It's a step beyond wink-and-nudge racism -- or, perhaps, more like that point in the winking and nudging when the winker begins nudging harder and harder.

Of course, it's not just Limbaugh, but rather something systemic within the body of conservatism generally:
[E]merging from behind a mask of genteel conservatism, it openly calls for a revival of ole-time white supremacism, having found that the "liberal social experiment" with racial equality has failed. Already, we've seen Patrick Buchanan drop all pretense and adopt a position that shifts from simple white nationalism to outright supremacism. Michael Savage airs denunciations of the Civil Rights movement. TV talkers like Glenn Beck pretend that blind bigotry toward Muslims is a "normal" perspective.

And as I noted then:
What's especially ironic is that all of this discussion is being raised by people with a record of attacking multiculturalism -- which, historically speaking, was the response to white supremacism and eugenics and became the worldview that replaced them. What we've been hearing, in a steady drumbeat from the right, is the notion that "multiculturalism is a failure" -- though notably, while unsparing in their critique, they have been discreet about what they would replace it with.

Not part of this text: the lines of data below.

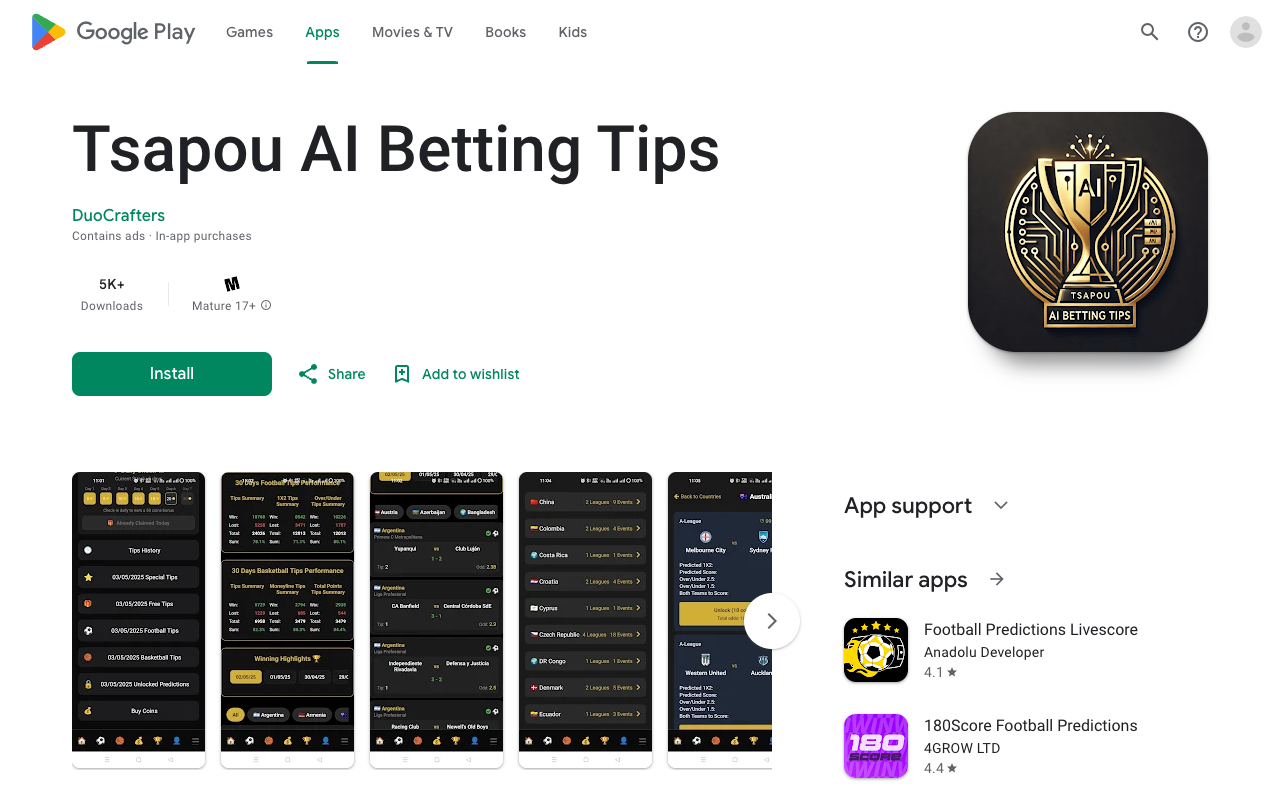 Tsapou AI Betting Tips - Get smart football and basketball match predictions AI Sports Betting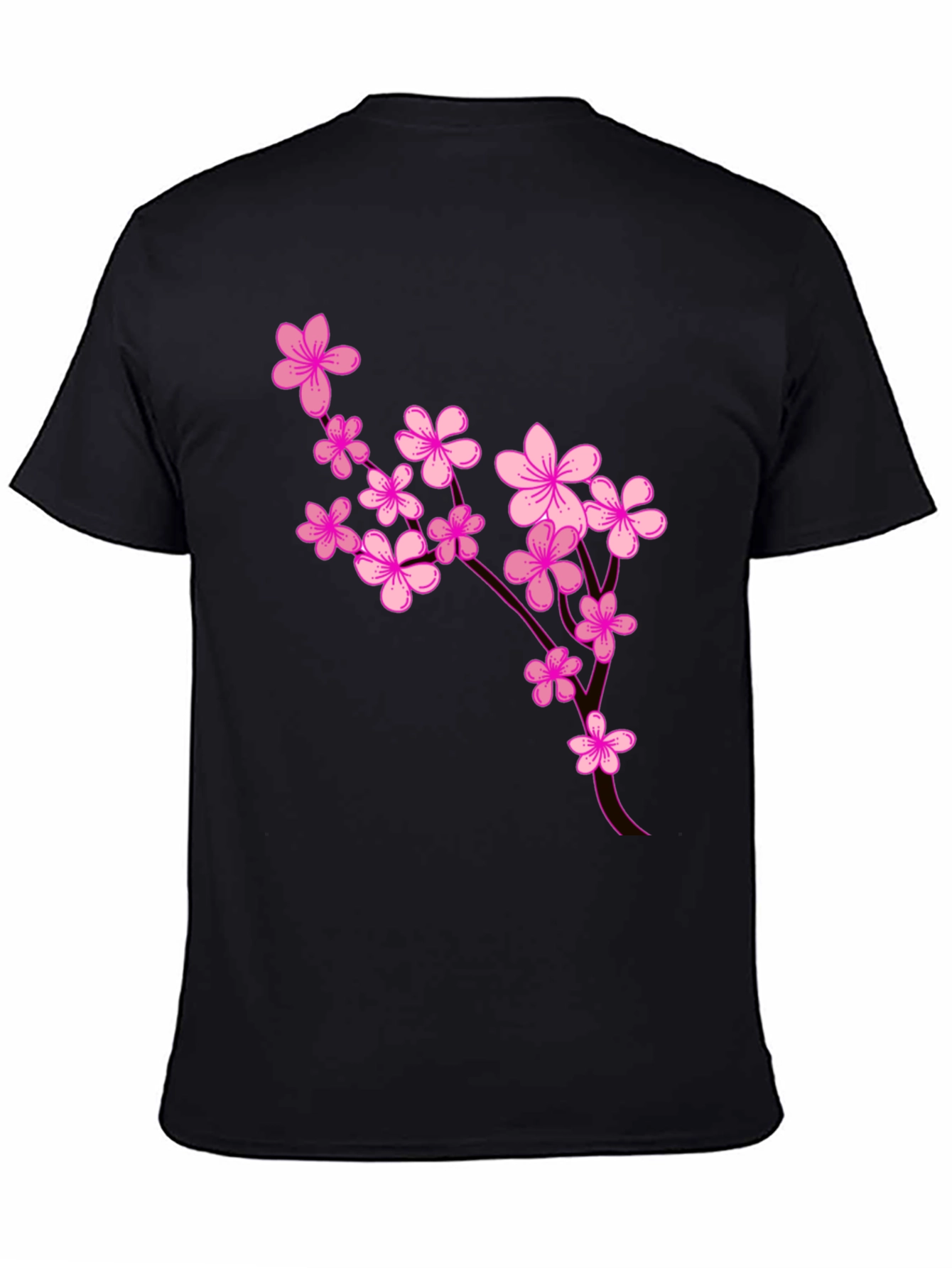 Black Floral Blossom Graphic Tee - Stylish Black T-Shirt view 4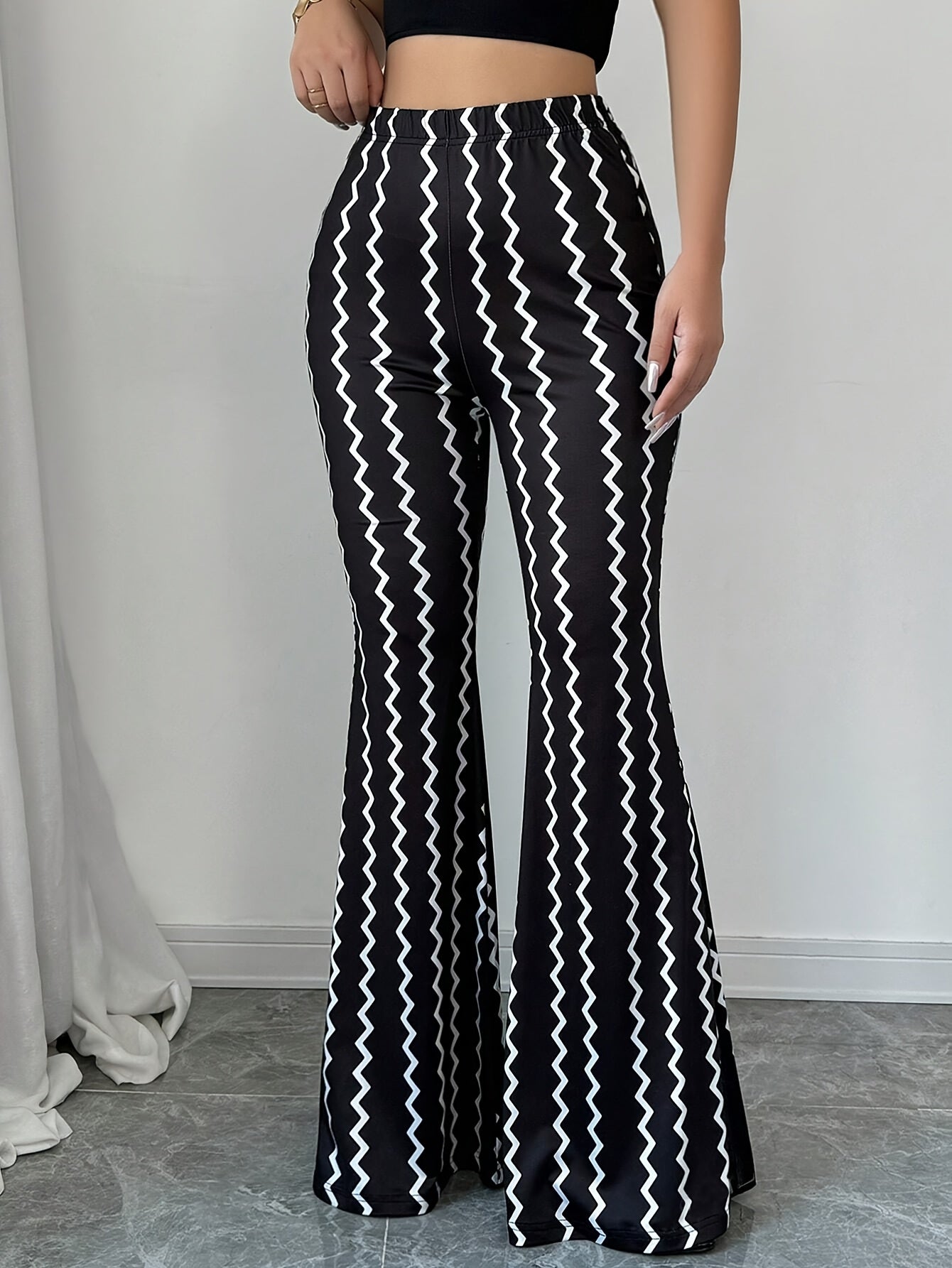 Women's Elegant High-Waisted Flare Pants - Black & White Striped Bell Bottoms with Herringbone Pattern, Machine Washable Polyester Blend for Spring/Fall, Ladies Pants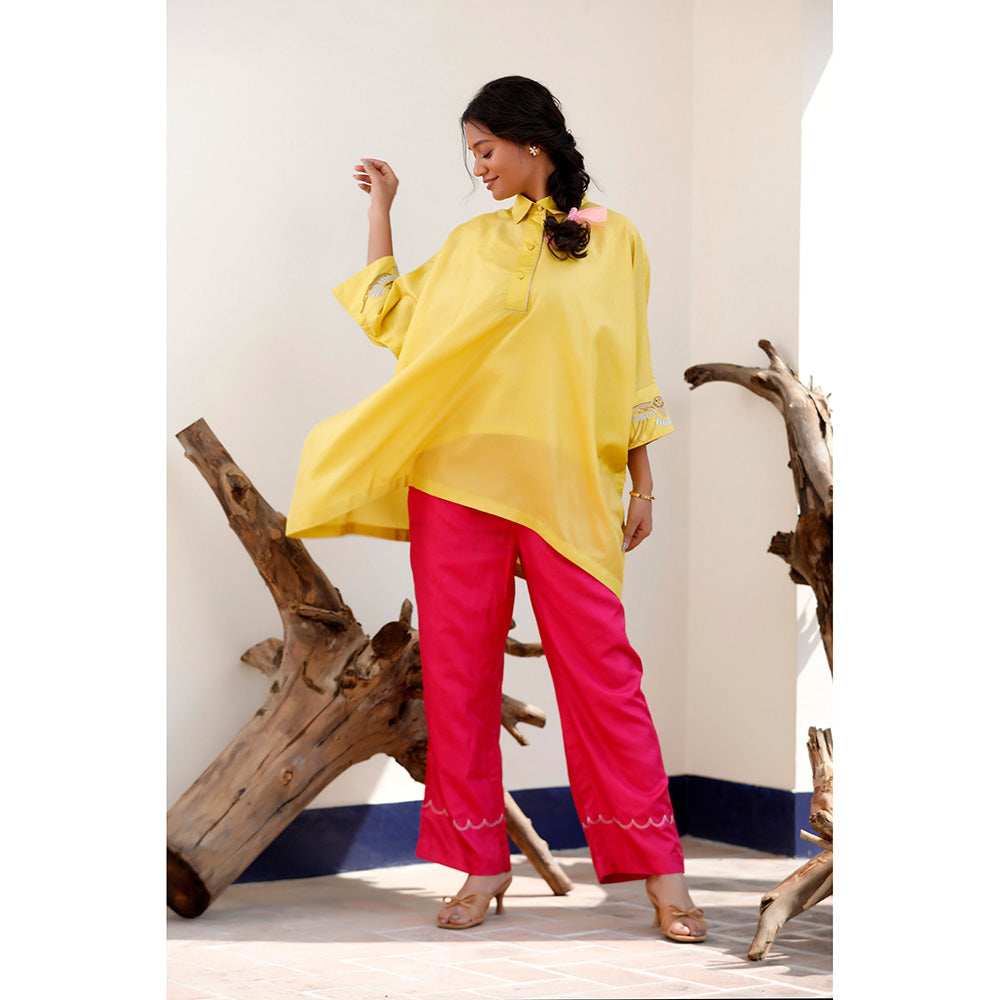 EEDA Aara Silk Embroidered Kurta and Pant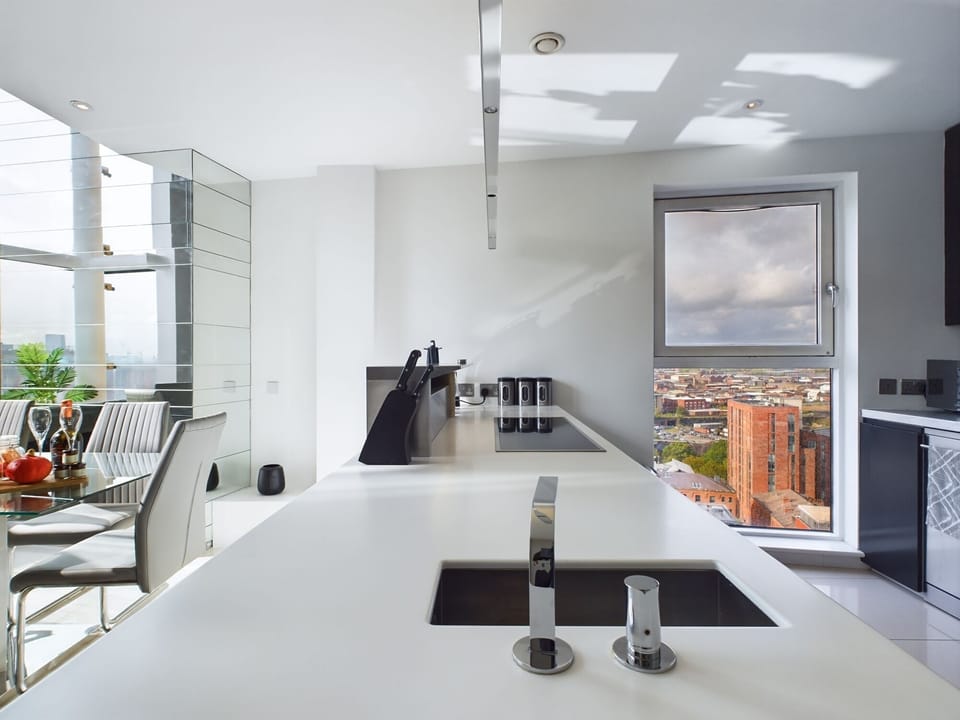 Luxury Apartment | Private kitchen | Fridge, microwave, oven, stovetop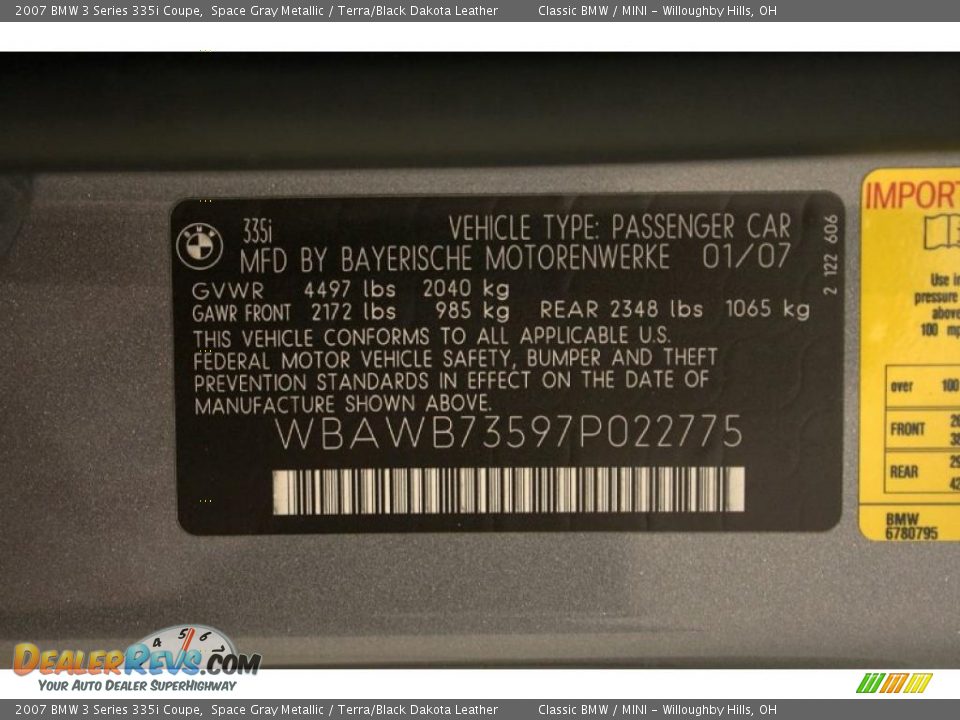 2007 BMW 3 Series 335i Coupe Space Gray Metallic / Terra/Black Dakota Leather Photo #31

Now, evidently, we're finding out: a "new eugenics," to go right alongside a new kind of racism. It's all justified, you see, because multiculturalism has failed -- all it's done, they tell us, is make us more ethnically divided.

Nowhere in the discussion, of course, is even a glimmer of recognition that white people invented this ethnic balkanization over a century ago, instituted it for the better part of that century, and only recently have begun taking steps towards dismantling those institutions – many of which indeed persist well into this century. Nowhere is there a recognition of their own culpability, and responsibility to deal with minorities in good faith, instead of attempting to strip them of what few advances they have made in the intervening years.

More recently, we're seeing all kinds of white conservative pundits lay the blame for this turn in the discourse at the feet of black people.

As Greenwald puts it:
There is no better phrase to describe the animating feature of the modern Limbaugh/Kristol/Fox News conservative faction than "threatened tribalism." The belief that they are good and pure, yet subjected to unprecedented systematic unfairness and threatened by some lurking Evil Other against whom war must be waged (the Muslim, the Immigrant, the Terrorist, the Communist, the Liberal, the Welfare Queen) is the centerpiece of their ugly worldview.

Obama's campaign, as I've noted before, is going to be Ground Zero for this trend. And as the Jeremiah Wright controversy has made clear, the supposedly mainstream media are all too willing to play along.